We are back in Nairobi. Just finished up our 7 hour journey from Samburu with a few stops along the way to pick up souvenirs, gifts, etc. We were without power for the last 24 hours or so (very normal in Samburu), so we couldn’t blog. I’m not sure it would have been much of a blog anyway; in the final day of our stay at Samburu, our students want to maximize the time with the people they’ve met rather than writing in front of a laptop.
Flight information in case that information was not passed on to you:
Departure on Jan 11 at 11:40 pm, Kenya Airways #112 to Paris
Connect to Delta Airlines #170 to Minneapolis, arriving 1:00pm
Connect to Delta Airlines 1609 to Denver, arriving 3:35pm.
The group will clear customs in Minneapolis, so if you are meeting them at the airport, the usual arrivals area for domestic flights is where they will show up. I’m sticking around for another week in Kenya to check in on some research we have going on and for a day or two to exhale.
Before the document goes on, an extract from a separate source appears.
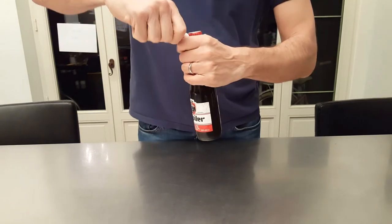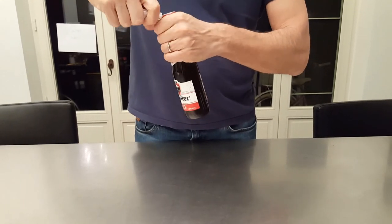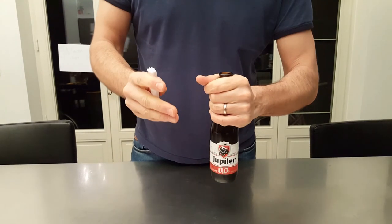You take again the bottle, use the arm as leverage, put the paper underneath. And then you do the same as I did with the lighter. Are you ready? And there you go.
A few things to consider as you talk to our students about the trip. Returning home from this trip can be a tough transition at times. Your sons/daughters/loved ones have experienced something that goes way beyond viewing wildlife and eating different types of food. There will not be an easy way to respond to the question “How was Kenya?” The easy part is telling you about the animals, the landscape, the clothes and food of Samburu culture, and so on. But I guarantee you, the experience goes way beyond that stuff, and it’s not something that is easily described right away. Samburu is a place that can inspire and break your heart at the same time. It is often a collision of emotions.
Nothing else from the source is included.